School districts in six states— Illinois, Indiana, Maryland, New Mexico, Ohio, and Texas—are piloting a new grant program to improve teaching and academic performance in K-16 environments.

The program, known as the Baldrige in Education Initiative (BiE IN), uses technology and other tools to apply the “total quality management” principles of former U.S. Commerce Secretary Malcolm Baldrige to education.

“The Baldrige framework has to do with innovation and creating rapid change through agile processes,” said Laura Longmire, a staff member of the American Productivity and Quality Council (APQC), an administrator of the BiE IN program. “We are seeking to support schools that are trying to become more agile and are using advanced tools to do it.” APQC is providing grants and quality-control experts to help school administrators learn to use technology to get instant feedback about student performance, make better decisions about curriculum, and improve school performance.

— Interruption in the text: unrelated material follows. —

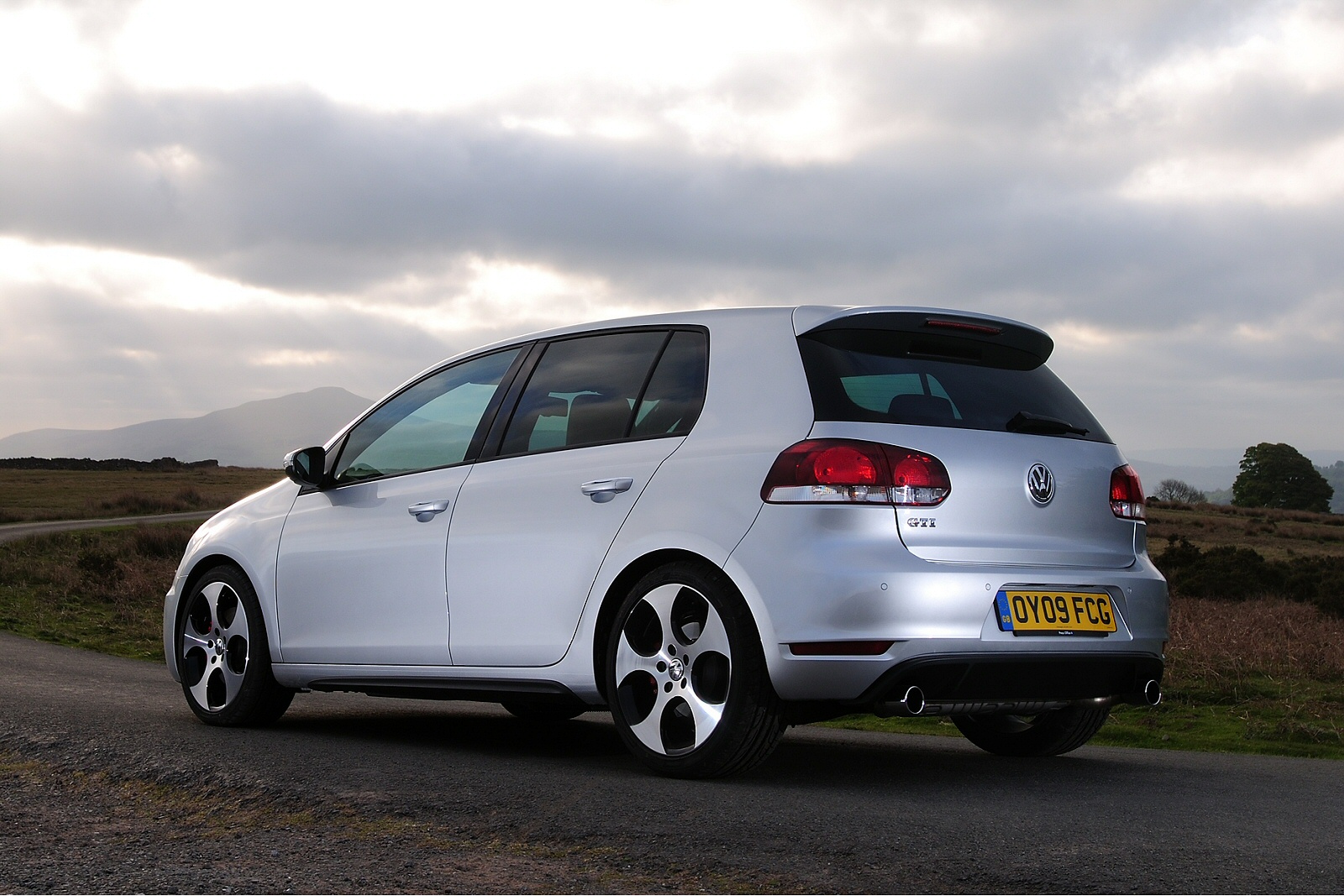 Used Volkswagen Golf GTI MK 6 (2009 - 2012) + Guide - Image 1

School districts in the six states chosen for the pilot are working with 26 national education and business organizations to implement systemic change in education. Activities funded by the grants include regular organizational assessments and benchmarking; extensive training, support, and networking; and implementing best practices.

BiE IN is leveraging educational and technology grants from the Bill and Melinda Gates Foundation and state funds, often passed through from federal programs, to help school districts improve performance. Some of the pilot projects are multimillion-dollar efforts, though the most recent project BiE IN facilitated is a grant of $100,000 to the Tennessee Department of Education for 10 low-performing high schools.

Participants in the pilot programs are using technology to track student progress more rapidly and with more detail than is typically available in most school districts. As an example, the Houston Independent School District—perhaps the most prominent BiE IN success story to date—uses a sophisticated database, known as Profiler, that takes aggregated test score data and disaggregates it along demographic categories.

“The Profiler database can analyze scores by grade, class, student [grade] level, and many types of socioeconomic demographics, “said Longmire. “It’s easy to see which students are not achieving key objectives and …to understand why. You can adjust teaching methods if another group of students [is] performing better.”

Technology plays a critical role in helping educators and administrators see what is working in schools, “based on fact, not intuition,” said Longmire. “It helps identify best practices in successful classrooms, as well as locate poor-performing classes.”

In other BiE IN pilot programs, technology is being used directly in the classroom. One Houston high school has created a sophisticated home page on the web that provides an extensive array of school-related and general information. A grant from one of the founders of Texas Instruments helped build the web site.

In another pilot program, an educational products provider working with BiE IN is developing a series of CD-ROMs that help track students’ progress and graph their achievements for teachers’ instant reference.

BiE IN also works with already-available online resources, such as Lightspan’s and IBM’s education web sites. “Knowledge-sharing through the web is critical for educators,” said Longmire.